=== Data provided ===

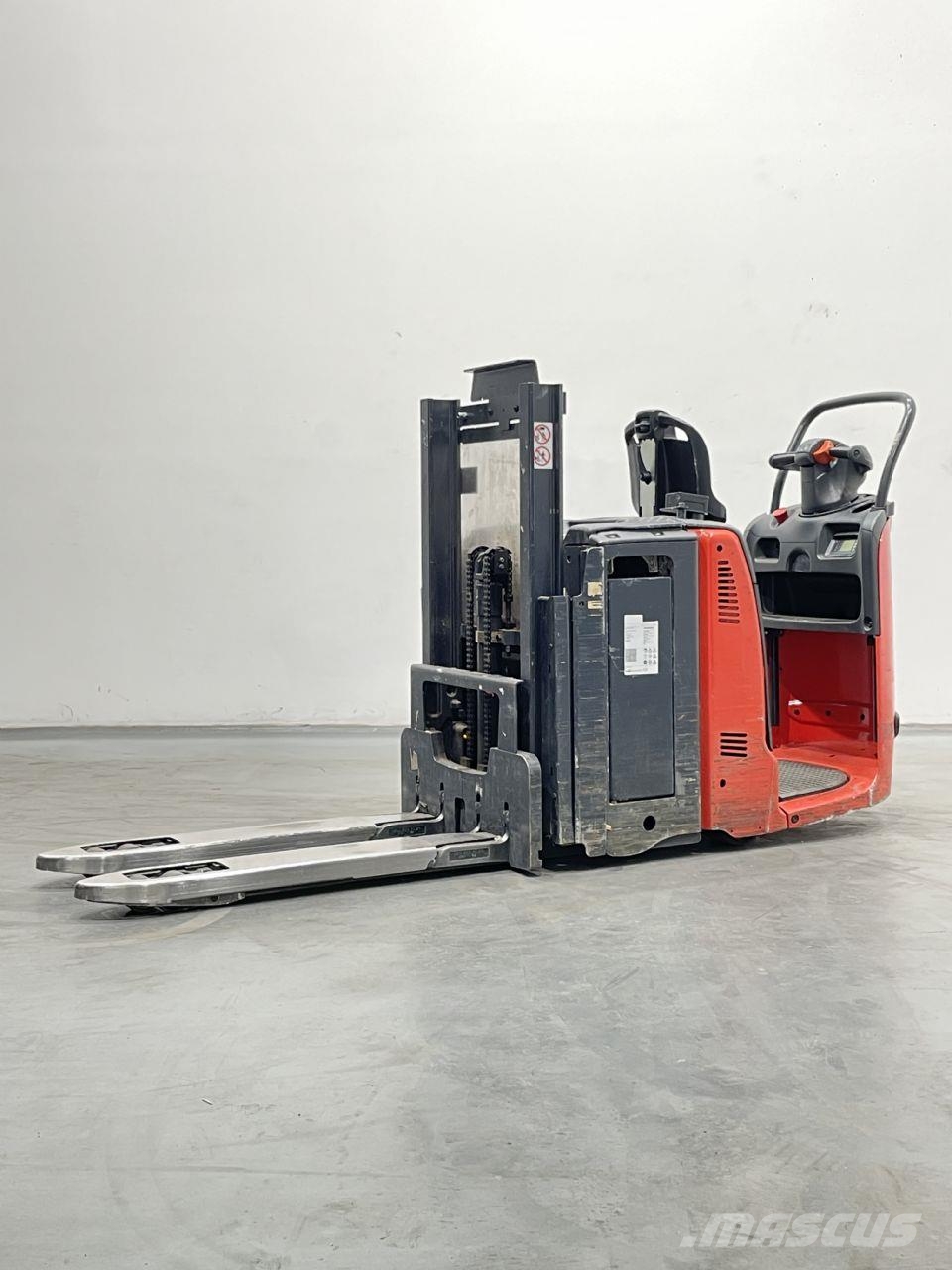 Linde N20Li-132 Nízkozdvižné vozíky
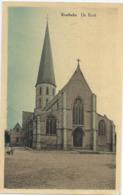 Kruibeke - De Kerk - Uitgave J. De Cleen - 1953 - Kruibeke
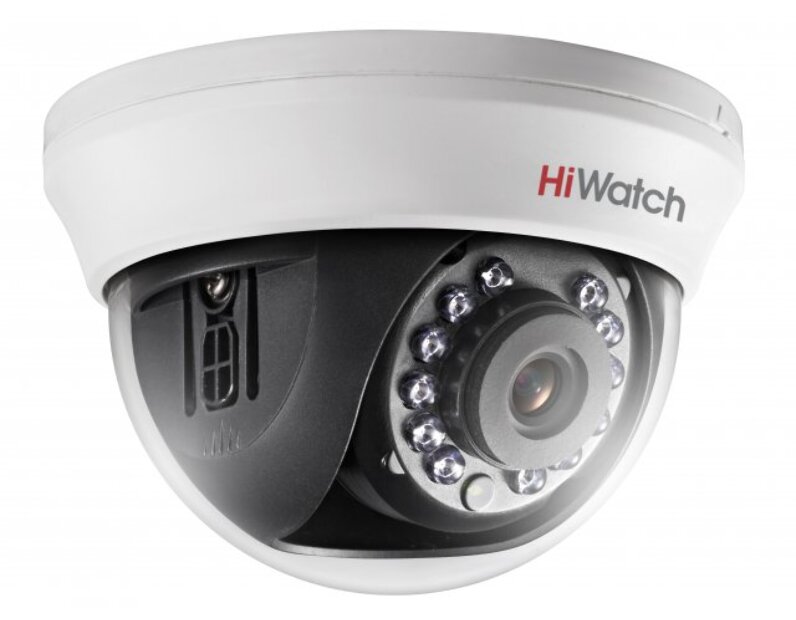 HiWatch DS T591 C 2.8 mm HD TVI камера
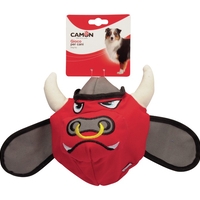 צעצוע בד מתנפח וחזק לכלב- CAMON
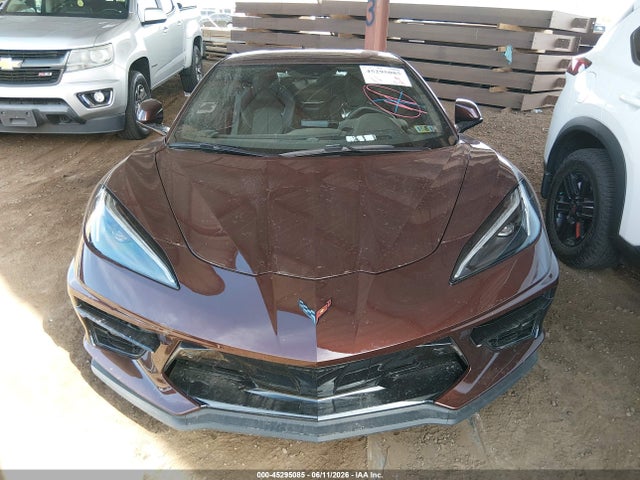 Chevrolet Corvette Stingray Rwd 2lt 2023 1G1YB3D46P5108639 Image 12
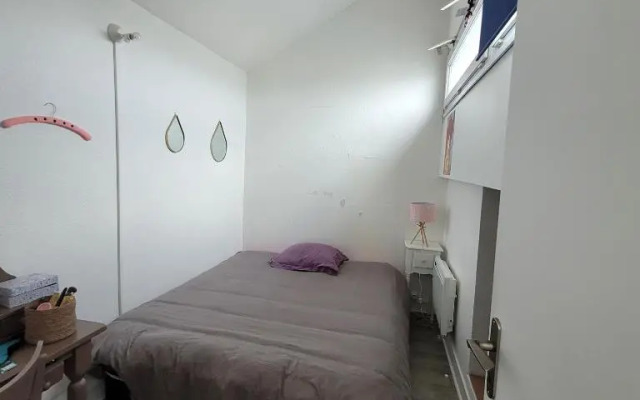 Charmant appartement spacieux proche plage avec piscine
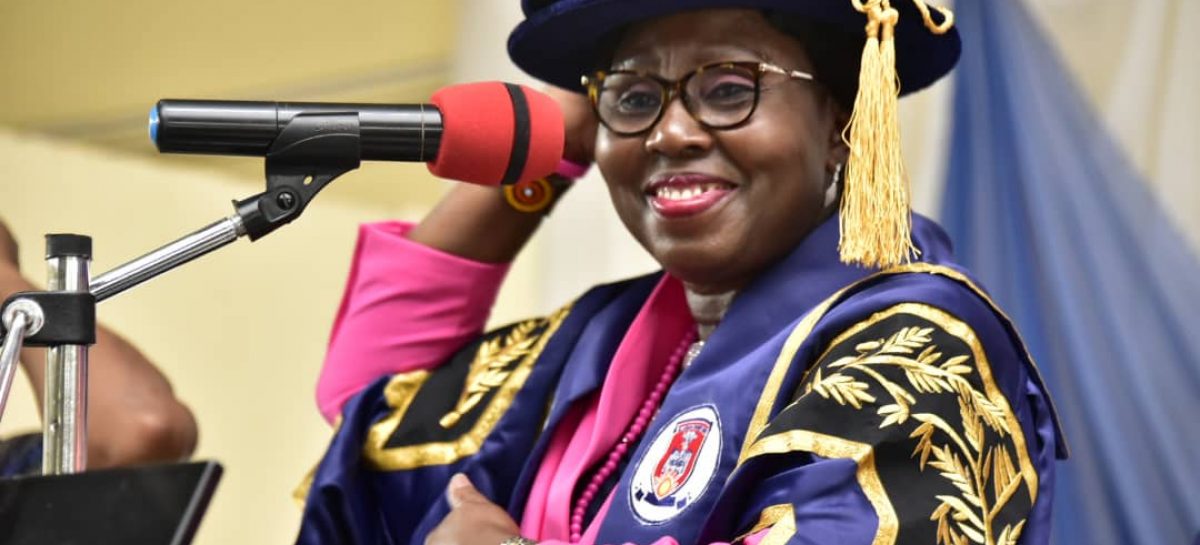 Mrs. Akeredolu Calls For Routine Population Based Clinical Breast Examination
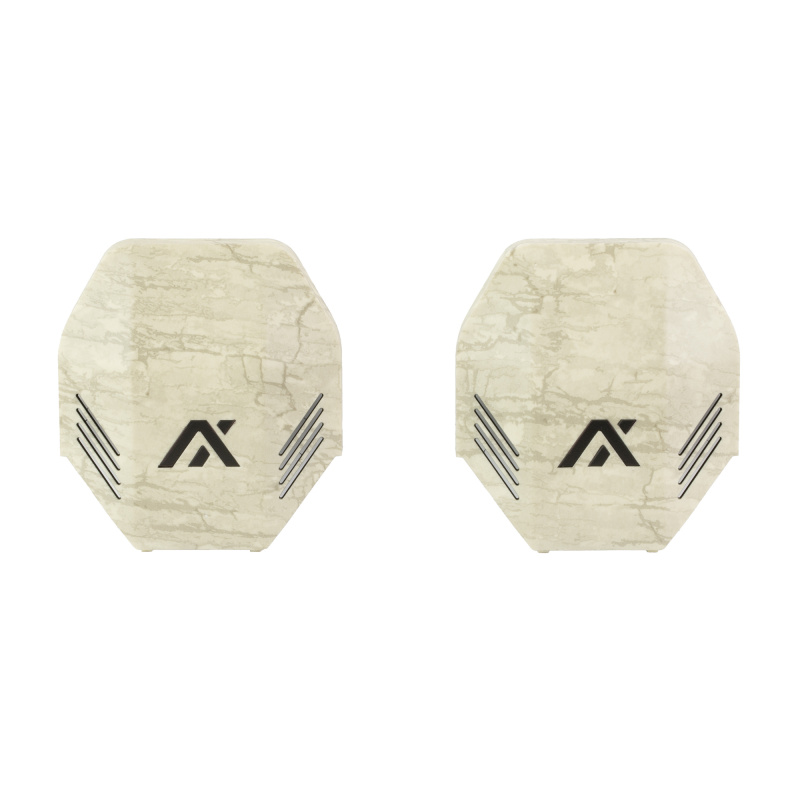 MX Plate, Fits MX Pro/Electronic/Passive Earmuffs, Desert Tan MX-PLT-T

===
=== Data provided ===

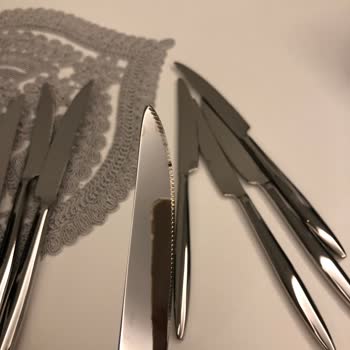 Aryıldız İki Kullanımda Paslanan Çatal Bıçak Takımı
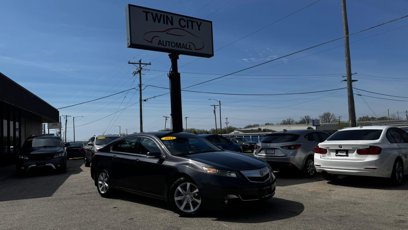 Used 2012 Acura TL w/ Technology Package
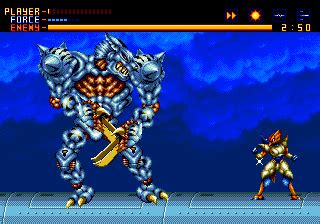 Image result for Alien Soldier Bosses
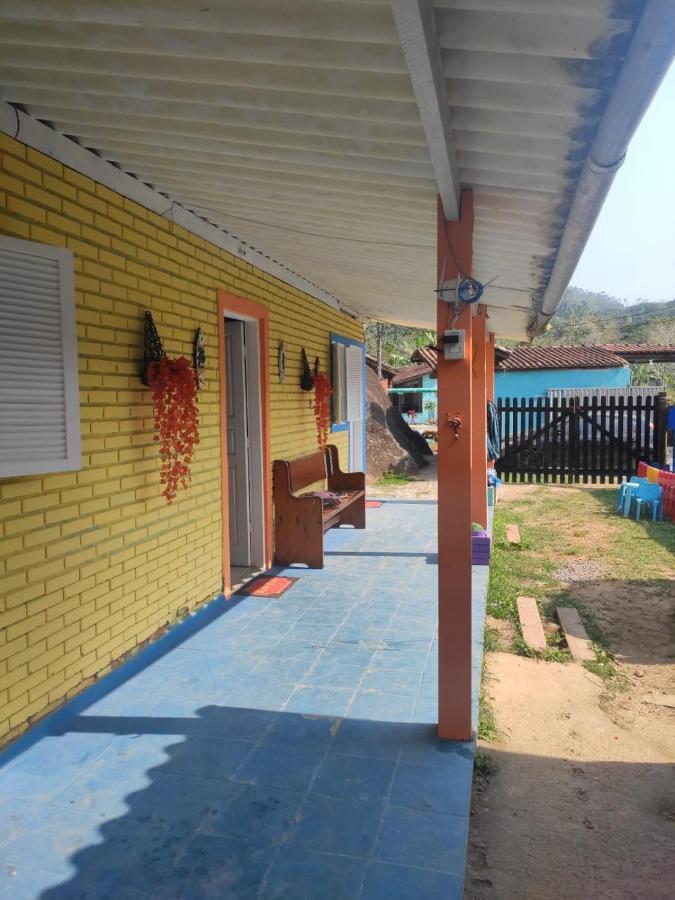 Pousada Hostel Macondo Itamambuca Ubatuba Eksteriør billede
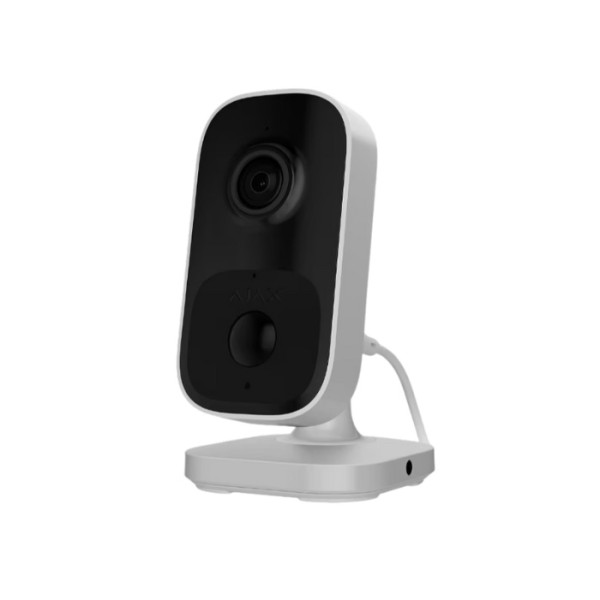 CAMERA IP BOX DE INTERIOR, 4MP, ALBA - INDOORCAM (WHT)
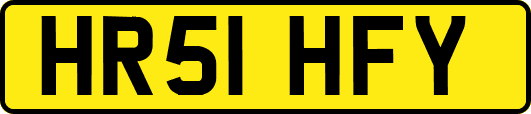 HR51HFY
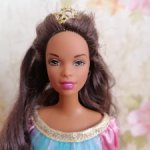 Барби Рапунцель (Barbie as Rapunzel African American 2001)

===

**Exercise goal**: Nothing but the lines above, starting at the line that contains "CAMERA IP BOX" and ending at the line that contains "Барби Рапунцель (Barbie", should be given again, exactly and without the pictures.

**Answer**:
 CAMERA IP BOX DE INTERIOR, 4MP, ALBA - INDOORCAM (WHT)
 HR51HFY
 Барби Рапунцель (Barbie as Rapunzel African American 2001)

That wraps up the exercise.